Projects like this are becoming more common in schools across Britain. Teachers such as Dan Lyndon-Cohen, Eliza West and Emily Toettcher have published fantastic practical guides, and through my work with the Migration Museum I have created resources to support teachers running similar projects. The Migration Museum will shortly be running their own Oral History project with a local secondary school. In this post, I want to explain why Oral History matters, and what it brings to the classroom.
Understanding History in the Classroom
In 1991, the Prime Minister Margaret Thatcher, personally intervened to try and influence the development of the National History Curriculum. It is hard to imagine a sitting Prime Minister engaging in the detail of curriculum design for any other subject. But history has always been different. Debates over statues, museums, memorials and history classrooms are proxy for debates about culture, heritage and identity.
The ‘new history’ consensus since the 1970s has sought to treat classroom history as akin to disciplinary history – as a form of critically distant social inquiry into the past. But in reality, school history will always serve another purpose. History helps us make sense of who we are now, and where we might be going. To put it simply, “Who we were” shapes not only “who we are” but “who we ought to be” and as a result “what we ought to do”.
Teaching history is especially challenging in multicultural countries like Britain. If the national story exclusively represents the majority, minority groups risk being ignored or made to feel invisible. In that instance, ‘who we are’ becomes a projection that leaves minorities either not recognised or misrecognised.

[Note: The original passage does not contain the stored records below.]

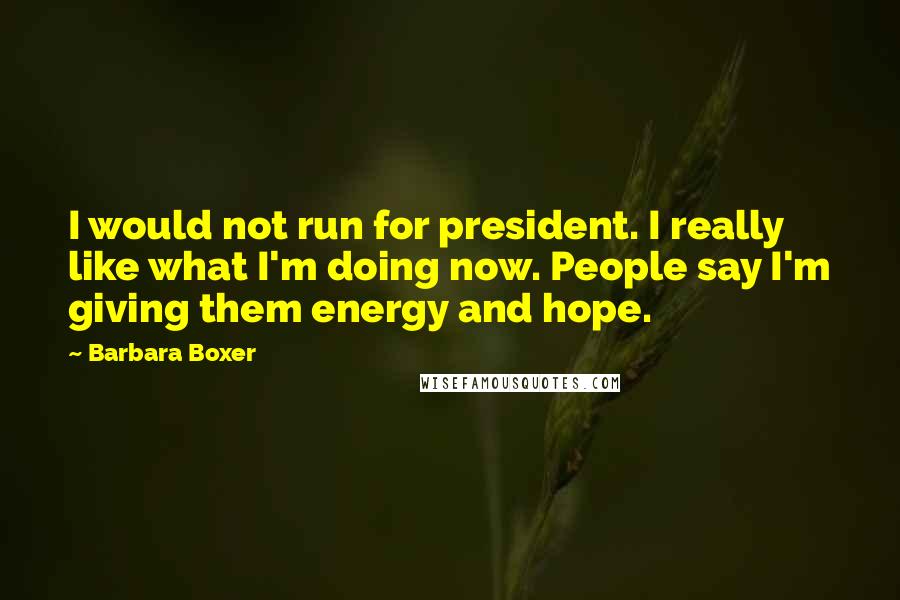 Barbara Boxer Quotes: I would not run for president. I really like what I'm doing now. People say I'm giving them energy and hope.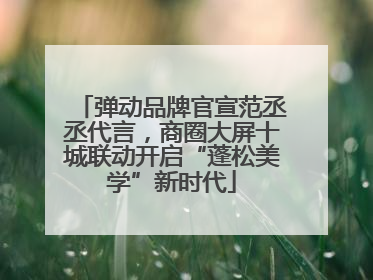 弹动品牌官宣范丞丞代言，商圈大屏十城联动开启“蓬松美学”新时代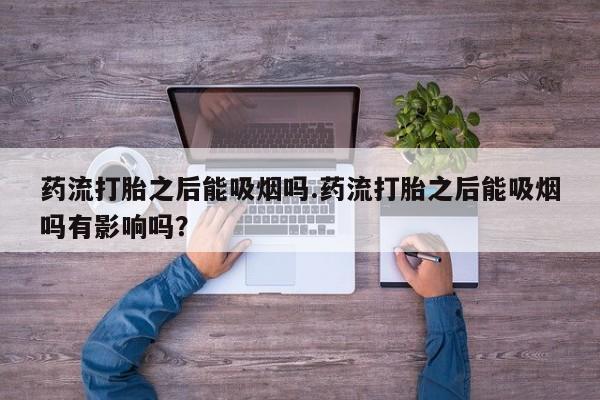 推荐个卖流产药的微信药流打胎之后能吸烟吗.药流打胎之后能吸烟吗有影响吗？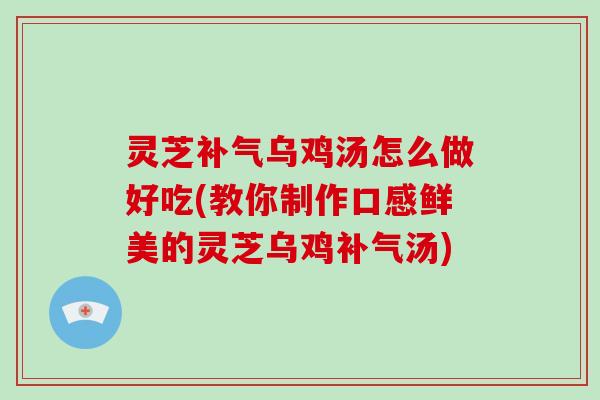 灵芝乌鸡汤怎么做好吃(教你制作口感鲜美的灵芝乌鸡汤)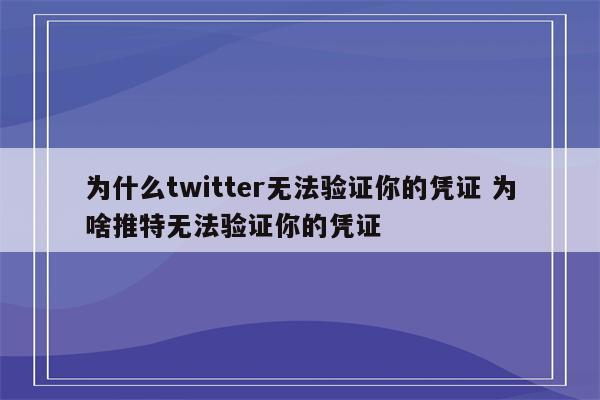 为什么twitter无法验证你的凭证 为啥推特无法验证你的凭证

Multicultural nations face great difficulties here. If our story about ‘who we were’ does not represent minorities, neither will our account of ‘who we are’. This not only denies some pupils an important sense of belonging, it also can leave them feeling disempowered, stereotyped and marginalised. This is why organisations like the Migration Museum and the movement to diversify the history curriculum matter: piece by piece, they help us build a national story that is more inclusive.
Learning Through Stories
Oral history should be an important part of this mission for two reasons. Firstly, it makes students active rather than passive learners. They can come to see themselves as having a role to play in constructing the past – there is a power to this. Secondly, it encourages pupils to see themselves and their families as active participants in bigger historical narratives. In the work I have done, this was about inclusion within local history, but there is no reason why Oral History projects cannot seek to include pupils within national history.
For example, one pupil interviewed his mother who had moved to Birmingham from Jamaica. Reflecting on his interview, he wrote, “Birmingham is a mix of various people from different places. So coming from Birmigham is a home away from home, because we mix with a lot of local communities.” Another pupil – whose entire family had recently migrated from Pakistan – wrote that he better understood his family’s story as a result. One simply wrote that “we are proud of our identity”.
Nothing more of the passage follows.